From the entries below, copy every line where the string "Official" appears.

(Scraped caption text data)
◇ ◇ ◇ ◇ ◇

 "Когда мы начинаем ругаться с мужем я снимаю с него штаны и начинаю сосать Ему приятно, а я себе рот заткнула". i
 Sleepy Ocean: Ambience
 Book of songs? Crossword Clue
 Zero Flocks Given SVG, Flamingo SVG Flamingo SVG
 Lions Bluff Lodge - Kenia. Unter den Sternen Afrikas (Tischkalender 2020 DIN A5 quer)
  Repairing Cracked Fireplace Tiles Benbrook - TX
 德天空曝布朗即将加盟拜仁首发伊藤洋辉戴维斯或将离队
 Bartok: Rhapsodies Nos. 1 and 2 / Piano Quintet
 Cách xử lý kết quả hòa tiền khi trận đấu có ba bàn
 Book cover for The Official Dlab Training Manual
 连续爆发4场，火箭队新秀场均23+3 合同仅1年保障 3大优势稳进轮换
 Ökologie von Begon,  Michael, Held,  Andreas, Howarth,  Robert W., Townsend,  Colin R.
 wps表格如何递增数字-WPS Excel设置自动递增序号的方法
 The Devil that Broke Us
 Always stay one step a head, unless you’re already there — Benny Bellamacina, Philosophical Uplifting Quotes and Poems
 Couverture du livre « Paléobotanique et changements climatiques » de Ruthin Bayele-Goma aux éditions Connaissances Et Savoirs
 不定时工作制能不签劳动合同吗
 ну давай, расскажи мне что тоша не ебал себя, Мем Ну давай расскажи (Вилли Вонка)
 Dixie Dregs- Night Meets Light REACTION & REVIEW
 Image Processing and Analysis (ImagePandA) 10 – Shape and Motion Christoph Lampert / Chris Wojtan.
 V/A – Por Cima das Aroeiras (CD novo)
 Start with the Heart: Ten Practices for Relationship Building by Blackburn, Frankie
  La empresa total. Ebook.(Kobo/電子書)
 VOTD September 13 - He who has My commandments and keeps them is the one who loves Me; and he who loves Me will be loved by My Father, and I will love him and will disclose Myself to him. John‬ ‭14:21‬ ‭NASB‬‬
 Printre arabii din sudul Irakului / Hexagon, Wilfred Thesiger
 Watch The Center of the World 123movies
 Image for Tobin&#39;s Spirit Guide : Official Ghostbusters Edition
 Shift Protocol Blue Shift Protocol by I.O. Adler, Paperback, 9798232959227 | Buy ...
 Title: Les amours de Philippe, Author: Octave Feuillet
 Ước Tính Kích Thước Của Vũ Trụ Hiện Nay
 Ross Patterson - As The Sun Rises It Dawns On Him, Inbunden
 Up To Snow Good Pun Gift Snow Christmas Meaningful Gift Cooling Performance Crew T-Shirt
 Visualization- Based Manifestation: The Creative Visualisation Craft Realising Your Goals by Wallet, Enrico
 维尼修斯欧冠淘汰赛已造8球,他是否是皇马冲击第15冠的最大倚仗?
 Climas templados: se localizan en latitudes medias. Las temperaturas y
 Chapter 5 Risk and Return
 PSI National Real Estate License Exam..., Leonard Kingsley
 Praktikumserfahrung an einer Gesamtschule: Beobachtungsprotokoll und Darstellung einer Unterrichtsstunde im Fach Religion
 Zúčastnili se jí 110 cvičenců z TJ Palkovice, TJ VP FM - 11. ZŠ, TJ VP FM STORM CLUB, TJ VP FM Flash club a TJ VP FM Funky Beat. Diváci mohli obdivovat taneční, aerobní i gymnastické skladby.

◇ ◇ ◇ ◇ ◇

• SOLUTION TO THE PROBLEM:
 Book cover for The Official Dlab Training Manual
 Image for Tobin&#39;s Spirit Guide : Official Ghostbusters Edition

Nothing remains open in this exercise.